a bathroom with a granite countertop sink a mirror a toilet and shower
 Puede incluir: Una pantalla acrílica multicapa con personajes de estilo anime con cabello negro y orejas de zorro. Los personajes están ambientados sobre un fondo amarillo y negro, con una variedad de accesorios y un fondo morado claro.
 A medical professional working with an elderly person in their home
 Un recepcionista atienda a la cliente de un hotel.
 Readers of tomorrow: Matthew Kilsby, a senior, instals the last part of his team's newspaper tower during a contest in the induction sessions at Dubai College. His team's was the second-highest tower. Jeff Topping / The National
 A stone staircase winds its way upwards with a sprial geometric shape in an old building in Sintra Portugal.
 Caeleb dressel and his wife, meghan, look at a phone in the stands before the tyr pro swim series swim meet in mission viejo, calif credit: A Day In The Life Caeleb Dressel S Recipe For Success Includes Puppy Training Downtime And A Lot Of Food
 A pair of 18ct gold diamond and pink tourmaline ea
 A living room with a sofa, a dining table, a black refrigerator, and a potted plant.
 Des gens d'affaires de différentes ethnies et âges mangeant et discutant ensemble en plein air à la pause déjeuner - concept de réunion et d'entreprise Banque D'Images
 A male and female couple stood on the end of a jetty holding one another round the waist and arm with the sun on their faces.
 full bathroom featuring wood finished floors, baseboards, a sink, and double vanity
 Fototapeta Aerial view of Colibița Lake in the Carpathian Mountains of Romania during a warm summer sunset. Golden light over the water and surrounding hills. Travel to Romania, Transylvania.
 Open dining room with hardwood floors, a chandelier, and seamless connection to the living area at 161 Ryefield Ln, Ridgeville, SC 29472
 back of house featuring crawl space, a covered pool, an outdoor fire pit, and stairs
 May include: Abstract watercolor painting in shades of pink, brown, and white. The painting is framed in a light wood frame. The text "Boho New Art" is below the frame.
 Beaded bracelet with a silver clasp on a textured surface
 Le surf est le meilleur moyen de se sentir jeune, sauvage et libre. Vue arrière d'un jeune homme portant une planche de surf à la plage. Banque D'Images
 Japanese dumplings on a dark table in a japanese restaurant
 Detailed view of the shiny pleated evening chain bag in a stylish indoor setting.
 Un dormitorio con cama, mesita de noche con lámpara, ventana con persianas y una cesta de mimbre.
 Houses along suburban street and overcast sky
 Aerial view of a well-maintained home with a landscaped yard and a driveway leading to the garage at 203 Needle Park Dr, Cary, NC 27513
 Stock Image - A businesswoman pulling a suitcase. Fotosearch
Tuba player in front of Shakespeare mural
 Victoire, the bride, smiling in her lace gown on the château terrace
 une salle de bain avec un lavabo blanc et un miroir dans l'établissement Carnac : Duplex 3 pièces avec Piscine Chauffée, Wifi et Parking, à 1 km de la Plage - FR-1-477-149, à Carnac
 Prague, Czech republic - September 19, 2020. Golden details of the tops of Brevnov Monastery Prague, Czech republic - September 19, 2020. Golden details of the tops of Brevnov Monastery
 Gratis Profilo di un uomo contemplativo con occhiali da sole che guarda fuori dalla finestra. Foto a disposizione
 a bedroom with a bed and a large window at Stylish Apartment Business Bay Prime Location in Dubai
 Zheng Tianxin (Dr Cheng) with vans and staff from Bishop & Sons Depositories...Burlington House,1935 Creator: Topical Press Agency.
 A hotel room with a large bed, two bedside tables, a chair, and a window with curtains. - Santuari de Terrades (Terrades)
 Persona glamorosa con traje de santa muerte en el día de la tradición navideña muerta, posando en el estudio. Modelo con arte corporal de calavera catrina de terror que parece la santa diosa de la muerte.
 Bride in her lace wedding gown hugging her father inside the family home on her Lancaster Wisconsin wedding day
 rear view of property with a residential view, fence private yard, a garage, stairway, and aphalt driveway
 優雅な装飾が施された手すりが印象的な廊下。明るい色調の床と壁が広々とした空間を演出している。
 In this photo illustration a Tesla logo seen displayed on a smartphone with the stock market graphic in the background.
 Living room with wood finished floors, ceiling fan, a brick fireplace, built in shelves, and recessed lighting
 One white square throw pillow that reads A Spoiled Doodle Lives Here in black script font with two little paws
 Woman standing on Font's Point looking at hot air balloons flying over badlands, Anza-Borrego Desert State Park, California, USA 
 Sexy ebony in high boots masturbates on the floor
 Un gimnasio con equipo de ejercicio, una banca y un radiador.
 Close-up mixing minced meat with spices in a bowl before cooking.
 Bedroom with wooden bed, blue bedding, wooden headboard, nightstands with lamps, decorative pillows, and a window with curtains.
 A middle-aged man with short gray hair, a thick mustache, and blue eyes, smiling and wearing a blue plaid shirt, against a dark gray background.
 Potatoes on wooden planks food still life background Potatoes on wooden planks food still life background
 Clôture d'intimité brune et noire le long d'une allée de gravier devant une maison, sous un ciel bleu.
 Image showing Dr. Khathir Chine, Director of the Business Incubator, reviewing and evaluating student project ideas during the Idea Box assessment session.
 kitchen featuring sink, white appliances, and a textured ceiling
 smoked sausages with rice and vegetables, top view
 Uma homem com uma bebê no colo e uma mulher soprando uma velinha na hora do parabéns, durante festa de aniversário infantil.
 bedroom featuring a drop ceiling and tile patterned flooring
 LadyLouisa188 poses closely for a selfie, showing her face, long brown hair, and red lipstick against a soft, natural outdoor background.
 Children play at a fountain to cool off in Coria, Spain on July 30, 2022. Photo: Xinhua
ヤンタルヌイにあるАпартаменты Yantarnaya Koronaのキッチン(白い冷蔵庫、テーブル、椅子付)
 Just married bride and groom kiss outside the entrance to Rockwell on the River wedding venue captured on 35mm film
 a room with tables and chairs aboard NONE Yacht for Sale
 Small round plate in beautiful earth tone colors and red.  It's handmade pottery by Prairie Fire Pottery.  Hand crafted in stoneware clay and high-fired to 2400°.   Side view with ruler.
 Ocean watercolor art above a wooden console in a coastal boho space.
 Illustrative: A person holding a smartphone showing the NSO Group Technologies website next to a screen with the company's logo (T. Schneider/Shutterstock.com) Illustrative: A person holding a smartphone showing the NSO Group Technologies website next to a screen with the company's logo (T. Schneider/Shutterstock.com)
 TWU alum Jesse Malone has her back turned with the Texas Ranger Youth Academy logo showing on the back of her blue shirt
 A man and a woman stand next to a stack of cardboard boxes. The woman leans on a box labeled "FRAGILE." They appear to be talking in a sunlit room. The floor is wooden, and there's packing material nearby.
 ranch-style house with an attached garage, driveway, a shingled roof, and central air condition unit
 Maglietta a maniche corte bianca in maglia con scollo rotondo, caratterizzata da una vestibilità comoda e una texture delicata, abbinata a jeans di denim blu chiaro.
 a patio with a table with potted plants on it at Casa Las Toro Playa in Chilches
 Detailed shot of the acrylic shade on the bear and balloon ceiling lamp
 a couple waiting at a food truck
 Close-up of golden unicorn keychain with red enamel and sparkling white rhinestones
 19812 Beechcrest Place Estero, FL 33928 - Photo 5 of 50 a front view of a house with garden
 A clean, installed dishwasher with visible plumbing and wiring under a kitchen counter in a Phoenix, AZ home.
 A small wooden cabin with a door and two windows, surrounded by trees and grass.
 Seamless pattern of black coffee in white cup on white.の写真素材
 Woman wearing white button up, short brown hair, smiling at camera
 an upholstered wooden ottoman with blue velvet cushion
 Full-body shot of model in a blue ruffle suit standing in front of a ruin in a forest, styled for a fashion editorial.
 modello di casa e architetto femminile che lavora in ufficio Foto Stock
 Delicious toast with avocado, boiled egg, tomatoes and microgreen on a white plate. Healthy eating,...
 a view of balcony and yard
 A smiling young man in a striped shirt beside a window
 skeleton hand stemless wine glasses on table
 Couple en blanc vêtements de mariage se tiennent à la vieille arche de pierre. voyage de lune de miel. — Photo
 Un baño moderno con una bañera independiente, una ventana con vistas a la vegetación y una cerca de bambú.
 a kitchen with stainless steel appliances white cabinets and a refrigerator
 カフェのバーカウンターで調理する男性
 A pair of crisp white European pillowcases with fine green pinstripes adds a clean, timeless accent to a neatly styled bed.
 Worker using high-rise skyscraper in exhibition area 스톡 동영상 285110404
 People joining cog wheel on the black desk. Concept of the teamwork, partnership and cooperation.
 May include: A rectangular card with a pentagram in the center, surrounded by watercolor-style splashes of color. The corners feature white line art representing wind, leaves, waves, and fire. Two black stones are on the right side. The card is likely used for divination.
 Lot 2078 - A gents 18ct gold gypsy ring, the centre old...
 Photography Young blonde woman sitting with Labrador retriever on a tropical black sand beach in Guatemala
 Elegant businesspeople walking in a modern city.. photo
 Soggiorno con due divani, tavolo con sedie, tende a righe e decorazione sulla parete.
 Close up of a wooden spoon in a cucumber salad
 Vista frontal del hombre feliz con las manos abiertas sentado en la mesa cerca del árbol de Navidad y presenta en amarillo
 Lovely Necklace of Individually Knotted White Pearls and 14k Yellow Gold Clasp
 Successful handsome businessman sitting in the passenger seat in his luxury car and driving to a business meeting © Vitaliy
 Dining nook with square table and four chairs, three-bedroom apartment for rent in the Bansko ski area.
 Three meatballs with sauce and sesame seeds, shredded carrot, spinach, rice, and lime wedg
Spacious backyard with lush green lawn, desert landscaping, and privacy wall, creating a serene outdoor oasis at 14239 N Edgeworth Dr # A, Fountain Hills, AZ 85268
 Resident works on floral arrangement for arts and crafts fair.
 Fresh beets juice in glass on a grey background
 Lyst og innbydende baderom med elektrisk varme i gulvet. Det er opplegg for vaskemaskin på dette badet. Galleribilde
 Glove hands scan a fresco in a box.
________________
▶ What you are asked to do:
Please give an exact copy of the lines above, beginning with the line containing "Soggiorno con due" and running through the line containing "Spacious backyard with", and of no other lines.

▶ Your response:
 Soggiorno con due divani, tavolo con sedie, tende a righe e decorazione sulla parete.
 Close up of a wooden spoon in a cucumber salad
 Vista frontal del hombre feliz con las manos abiertas sentado en la mesa cerca del árbol de Navidad y presenta en amarillo
 Lovely Necklace of Individually Knotted White Pearls and 14k Yellow Gold Clasp
 Successful handsome businessman sitting in the passenger seat in his luxury car and driving to a business meeting © Vitaliy
 Dining nook with square table and four chairs, three-bedroom apartment for rent in the Bansko ski area.
 Three meatballs with sauce and sesame seeds, shredded carrot, spinach, rice, and lime wedg
Spacious backyard with lush green lawn, desert landscaping, and privacy wall, creating a serene outdoor oasis at 14239 N Edgeworth Dr # A, Fountain Hills, AZ 85268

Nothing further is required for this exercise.